- **Task goal**: The answer must be every entry, retyped without a single difference.

[Scraped caption text data]
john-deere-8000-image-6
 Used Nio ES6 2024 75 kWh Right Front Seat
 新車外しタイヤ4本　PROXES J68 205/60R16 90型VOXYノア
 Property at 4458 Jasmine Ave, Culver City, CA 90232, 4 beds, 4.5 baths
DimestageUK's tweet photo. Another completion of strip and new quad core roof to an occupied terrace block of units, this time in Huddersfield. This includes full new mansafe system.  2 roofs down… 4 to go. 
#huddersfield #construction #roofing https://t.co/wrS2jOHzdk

- **Answer section**:
john-deere-8000-image-6
 Used Nio ES6 2024 75 kWh Right Front Seat
 新車外しタイヤ4本　PROXES J68 205/60R16 90型VOXYノア
 Property at 4458 Jasmine Ave, Culver City, CA 90232, 4 beds, 4.5 baths
DimestageUK's tweet photo. Another completion of strip and new quad core roof to an occupied terrace block of units, this time in Huddersfield. This includes full new mansafe system.  2 roofs down… 4 to go. 
#huddersfield #construction #roofing https://t.co/wrS2jOHzdk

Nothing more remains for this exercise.